Ph. © Alex Shoots Buildings - Courtesy of AACM
16/01/2026 - A Piove di Sacco, nella campagna veneta, sorge Kinder Rain, una scuola dell’infanzia progettata da AACM | Atelier Architettura Chinello Morandi, studio fondato dagli architetti Nicolò Chinello e Rodolfo Morandi. Il progetto nasce come riflessione sull’abitare primordiale e sullo spazio educativo, assumendo l’archetipo del Casone Veneto come matrice formale e simbolica da reinterpretare in chiave contemporanea.
Più che un edificio scolastico, Kinder Rain si configura come un piccolo villaggio: un insieme astratto di volumi piramidali, uniti da corti e immersi nel verde, pensati come spazi protetti, sicuri e allo stesso tempo immaginifici. Un’architettura calibrata sulle emozioni dell’infanzia, capace di offrire riparo e apertura, intimità e relazione.
La composizione individua tre aule principali, che emergono come episodi volumetrici all’interno di un continuum materico rivestito in scandole di terracotta. La scelta del laterizio e del coppo richiama una tradizione costruttiva secolare, restituendo all’edificio una dimensione tattile e cromatica che dialoga con il paesaggio circostante.
Al basamento, una panca continua in calcestruzzo pigmentato accompagna il perimetro dell’edificio, addolcendo il rapporto con il suolo e definendo una soglia porosa tra interno ed esterno, tra spazio ludico e spazio didattico. Un elemento che diventa luogo di sosta, gioco e mediazione.
Dietro l’apparente compattezza del volume, l’architettura rivela un articolato sistema di pieni e vuoti. Ogni aula si estende verso l’esterno in patii dedicati alla didattica all’aperto, spazi raccolti e protetti che ampliano l’esperienza educativa e rafforzano il rapporto con la natura.
Come edifici affacciati su una piazza, le aule dialogano anche verso l’interno attraverso un’agorà centrale, spazio condiviso per il gioco e la didattica informale. Da qui, lo sguardo attraversa ambienti e corti, costruendo una continuità visiva costante tra interno ed esterno.

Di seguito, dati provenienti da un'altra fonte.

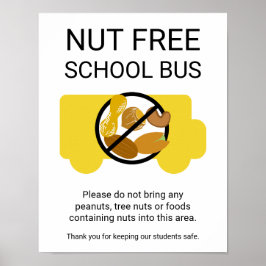 Undertecknande av Peanut & Träd Nöt Free School Bu Poster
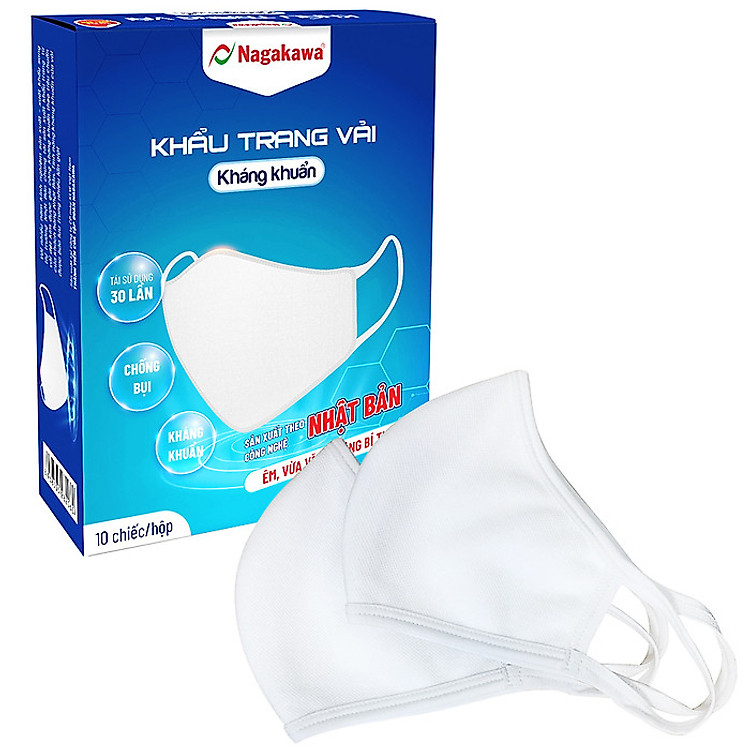 Bộ 10 Khẩu Trang Vải Kháng Khuẩn 2 Lớp NAGAKAWA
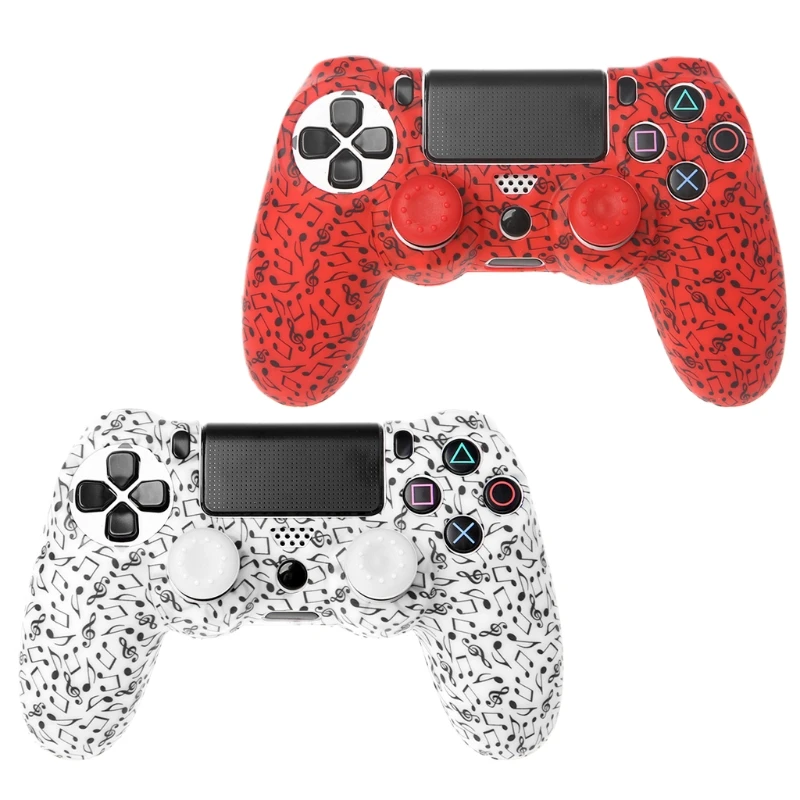 

Musical Note Print Silicone Gamepad Cover Case + 2 Caps Kit For PS4 Controller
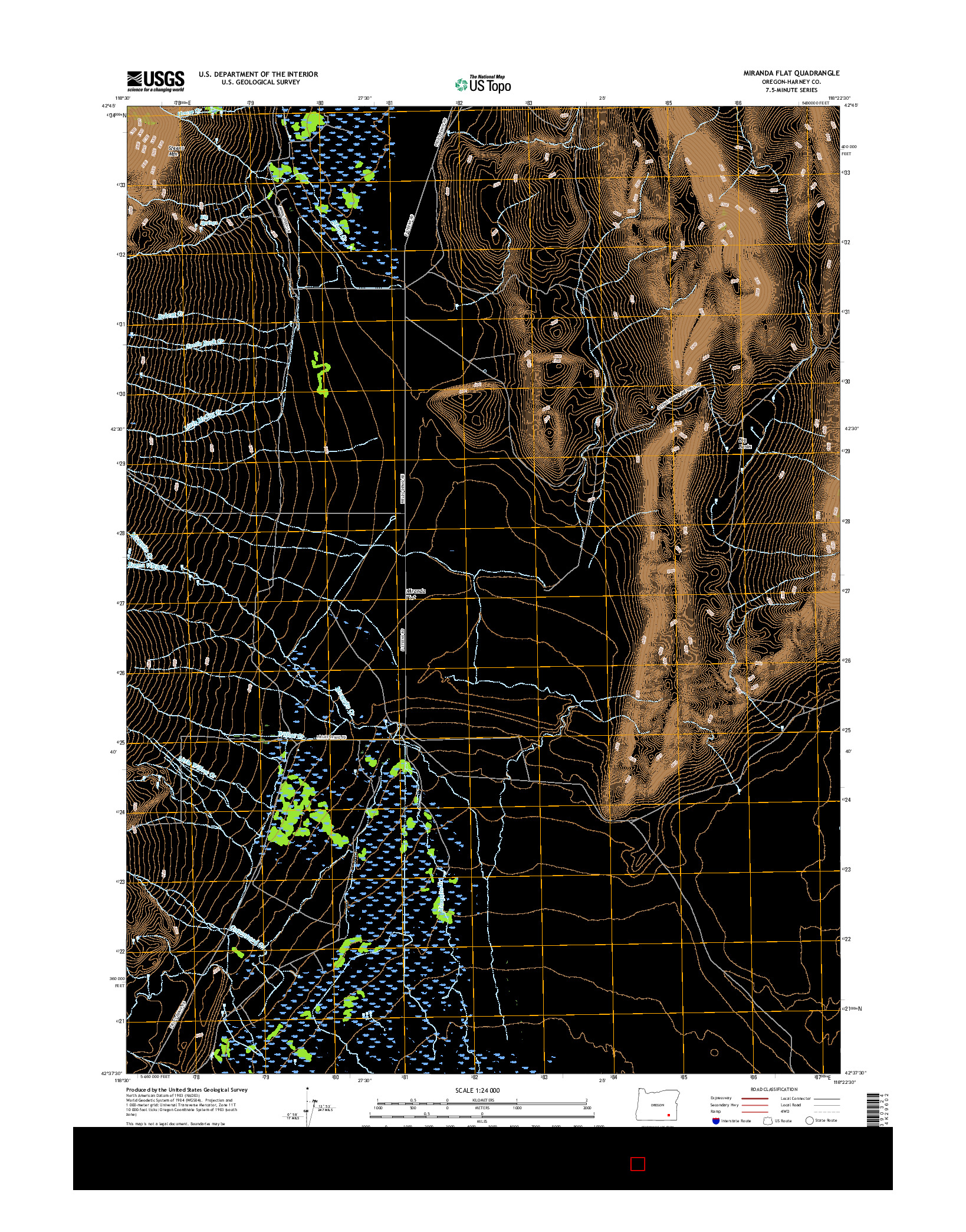 USGS US TOPO 7.5-MINUTE MAP FOR MIRANDA FLAT, OR 2017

La luce naturale diventa elemento strutturante del progetto. Un camino zenitale guida lo sguardo verso il cielo, lasciando che il sole scandisca il tempo come una meridiana. La luce radente incontra la superficie scabra della fibra di legno a soffitto, evocazione materica dei tetti in paglia dei casoni originari.
Kinder Rain si presenta così come un paesaggio costruito, sintesi tra memoria e invenzione, tra archetipi rurali e pedagogia contemporanea. Un’architettura radicata nel territorio, capace di trasformare l’archetipo abitativo in un luogo di scoperta e immaginazione per i suoi più piccoli abitanti.